VANCOUVER - Graphite One Inc. (TSXV: GPH) (OTCQX: GPHOF) ('Graphite One' or the 'Company') is pleased to announce that it has closed the second and final tranche of the previously announced brokered private placement financing ('Tranche Two Financing') press released on June 30, 2021 and the extension of the Tranche Two Financing as press released on August 30, 2021 ('Graphite One Announces Update on Timing of Closing Second Tranche of CA$12 Million Brokered Private Placement').

The Tranche Two Financing raised gross proceeds of CA$998,000. In this tranche, 998,000 units of the Company (each a 'Unit') were issued at an issue price of CA$1.00 per Unit with each Unit consisting of one common share in the capital of the Company (a 'Common Share') and one common share purchase warrant (each a 'Warrant'), with each Warrant entitling the holder thereof to acquire, on payment of CA$1.50 to the Company, one common share of the Company, subject to adjustment in certain circumstances, until August 12, 2022.

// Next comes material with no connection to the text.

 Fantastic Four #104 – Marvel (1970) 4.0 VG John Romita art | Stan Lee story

The Tranche Two Financing was conducted pursuant to the terms of an agency agreement dated August 12, 2021 entered into between the Company and Canaccord Genuity Corp. (the 'Agent'). The Company has paid the Agent a cash fee totaling CA$69,860 equal to 7% of the gross proceeds of the Tranche Two Financing and issued 69,860 compensation warrants equal to 7% of the number of Units sold under the Tranche Two Financing (each a 'Compensation Warrant'). Each Compensation Warrant will be exercisable to purchase one Common Share at an exercise price of CA$1.00, subject to adjustment in certain circumstances, until August 12, 2022.

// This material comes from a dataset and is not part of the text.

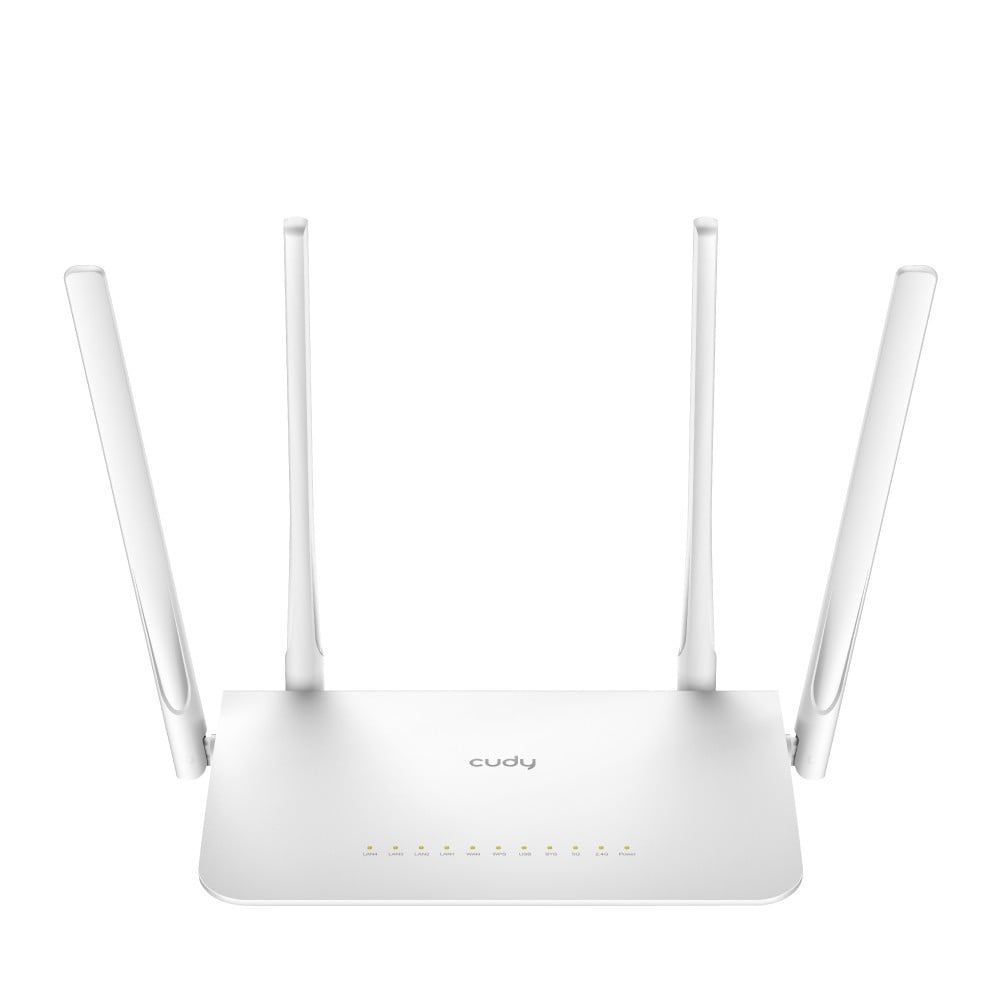 Cudy WR1300 wireless router Gigabit Ethernet Dual-band (2.4 ...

The Company intends to use the net proceeds from the Tranche Two Financing for exploration and development on the Company's Graphite Creek Property and general working capital and corporate purposes. Completion of the Tranche Two Financing is subject to receipt of final applicable regulatory approvals including final approval of the TSX Venture Exchange. All securities issued in connection with the Tranche Two Financing will be subject to a four month hold period ended January 25, 2022.

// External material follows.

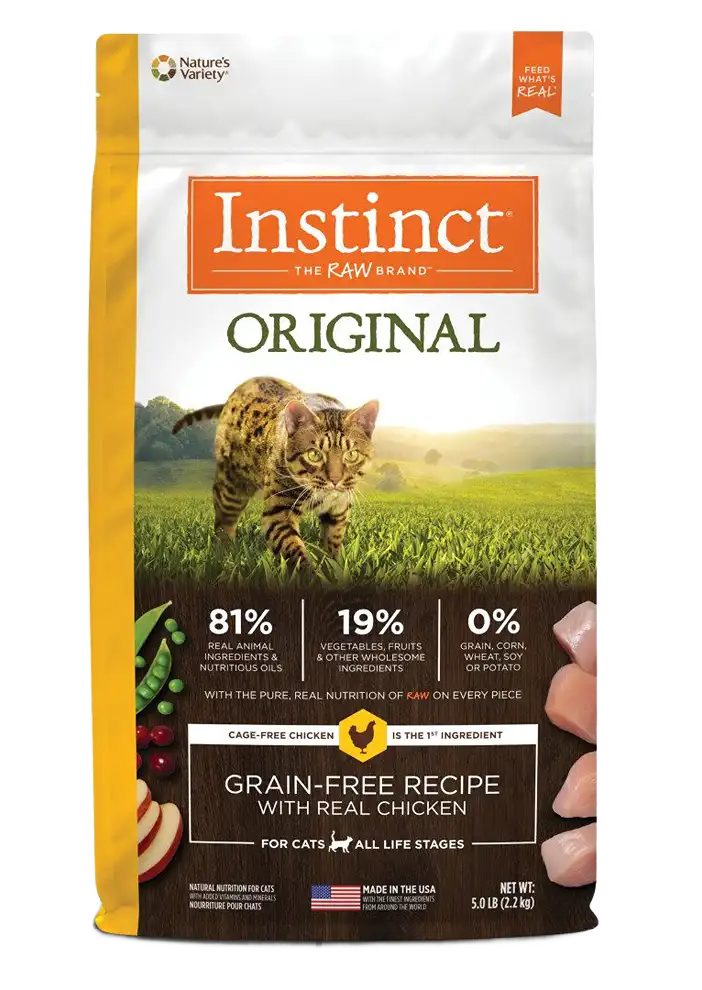 original chicken dry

This media release does not constitute an offer to sell or a solicitation of an offer to buy any of the securities in the United States. The securities have not been and will not be registered under the United States Securities Act of 1933, as amended (the 'U.S. Securities Act') or any state securities laws and may not be offered or sold within the United States or to U.S. Persons unless registered under the U.S. Securities Act and applicable state securities laws or an exemption from such registration is available.

About Graphite One Inc.

GRAPHITE ONE INC. (TSXV:GPH) (OTCQX:GPHOF) (the 'Company') is a developing advanced graphite materials company. Planning continues on its Graphite One Project (the 'Project'), whereby it could become an American producer of high grade Coated Spherical Graphite ('CSG') integrated with a domestic graphite resource. The Project is proposed as a vertically integrated enterprise to mine, process and manufacture high grade CSG primarily for the lithium-ion electric vehicle battery market and energy storage systems as well as other value-added products. As set forth in its Preliminary Economic Assessment, graphite mineralization, mined from the Company's Graphite Creek Property, would be processed into concentrate at a plant to be located on the Graphite Creek Property situated on the Seward Peninsula about 60 kilometers north of Nome, Alaska. CSG and other value-added graphite products would be manufactured from the concentrate at the Company's proposed advanced graphite materials manufacturing facility whose location is being investigated. The Company is progressing the Project's Pre Feasibility Study and intends to make a production decision once a Feasibility Study is completed.

Contact:

Anthony Huston

Tel: (604) 889-4251

Email: AHuston@GraphiteOneInc.com

This release includes certain statements that may be deemed to be forward-looking statements. All statements in this release, other than statements of historical facts that address the use of proceeds from the Offering, receipt of regulatory approvals, exploration drilling, exploitation activities and events or developments that the Company expects, are forward-looking statements. Although the Company believes the expectations expressed in such forward-looking statements are based on reasonable assumptions, such statements are no guarantees of future performance and actual results or developments may differ materially from those in the forward-looking statements. Factors that could cause actual results to differ materially from those in forward-looking statements include the receipt of all necessary regulatory approvals, market prices, exploitation and exploration successes, continuity of mineralization, uncertainties related to the ability to obtain necessary permits, licenses and title and delays due to third party opposition, changes in government policies regarding mining and natural resource exploration and exploitation, and continued availability of capital and financing, and general economic, market or business conditions. Readers are cautioned not to place undue reliance on this forward-looking information, which is given as of the date it is expressed in this press release, and the Company undertakes no obligation to update publicly or revise any forward-looking information, except as required by applicable securities laws.